La llamada computación verde comenzará a consolidarse como una línea de planificación estratégica. En 2026, más que una adopción generalizada, veremos una creciente conciencia sobre su impacto y su integración progresiva en los Objetivos de Desarrollo Sostenible (ODS) de las empresas. Las organizaciones más avanzadas iniciarán diagnósticos energéticos de sus infraestructuras tecnológicas y diseñarán hojas de ruta para reducir el consumo derivado de la IA y de los entornos cloud, con horizonte de implantación a partir de 2027.
Este cambio de mentalidad marcará el inicio de una nueva etapa, donde las empresas empezarán a medir el coste ambiental de la inteligencia artificial con la misma atención con la que analizan sus indicadores financieros, preparando así las bases para una digitalización más responsable.
En un contexto donde la inteligencia artificial será el motor de casi todas las operaciones, la sostenibilidad dejará de ser un valor añadido para convertirse en una condición del crecimiento. Porque el verdadero progreso digital no consiste en hacer más, sino en hacerlo mejor, con menos impacto y con más inteligencia.
Del avance tecnológico al crecimiento empresarial
Las tendencias que marcarán 2026 no son solo un mapa de innovaciones, sino una invitación a replantear cómo crecen las empresas. La inteligencia artificial, el Edge AI, la seguridad preventiva o la sostenibilidad tecnológica deben entenderse como como elementos que, bien conectados, pueden transformar el rendimiento de un negocio. La clave está en pasar de observar la tecnología a utilizarla para generar crecimiento empresarial.
En la práctica, esto significa convertir cada avance en una decisión estratégica. La IA puede anticipar comportamientos y acelerar la toma de decisiones. El Edge AI permite reaccionar en tiempo real y reducir costes. La ciberseguridad refuerza la confianza de clientes y equipos. En ventas digitales podemos anticiparnos a oportunidades de venta. Y la sostenibilidad tecnológica prepara a las organizaciones para un futuro donde el impacto ambiental será tan importante como la eficiencia económica. Cuando todos estos elementos trabajan juntos, la tecnología deja de ser un conjunto de herramientas para convertirse en un modelo de crecimiento continuo.
Ese es precisamente el espacio en el que trabajamos en orbetec y Anasinf. Resolvemos retos en digitalización, acompañando a las organizaciones para que cada paso tecnológico tenga sentido dentro de su estrategia. No se trata de incorporar más plataformas o algoritmos, sino de construir un camino que una tecnología, negocio y crecimiento. Nuestro enfoque combina soluciones digitales con una visión de growth marketing que permite transformar la innovación en resultados medibles, generando más oportunidades, procesos más ágiles y decisiones mejor fundamentadas.

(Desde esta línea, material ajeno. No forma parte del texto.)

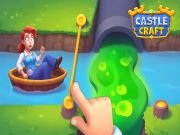 Leikur Castle Craft á netinu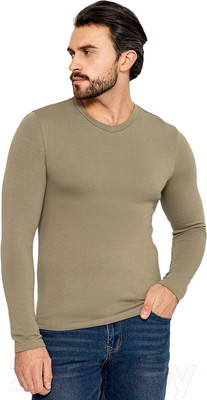 Термокофта Mark Formelle 721466 (р.100-176, хаки)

El futuro no lo liderarán las empresas que adopten la tecnología más avanzada, sino aquellas que sepan gobernarla con criterio, integrarla en su cultura y orientarla a objetivos concretos de su negocio.
2026 será el comienzo de esa etapa. Un momento para convertir la digitalización en un motor de crecimiento. Un año para consolidar una forma de trabajar más inteligente, más eficiente y alineada con un entorno que evoluciona a gran velocidad.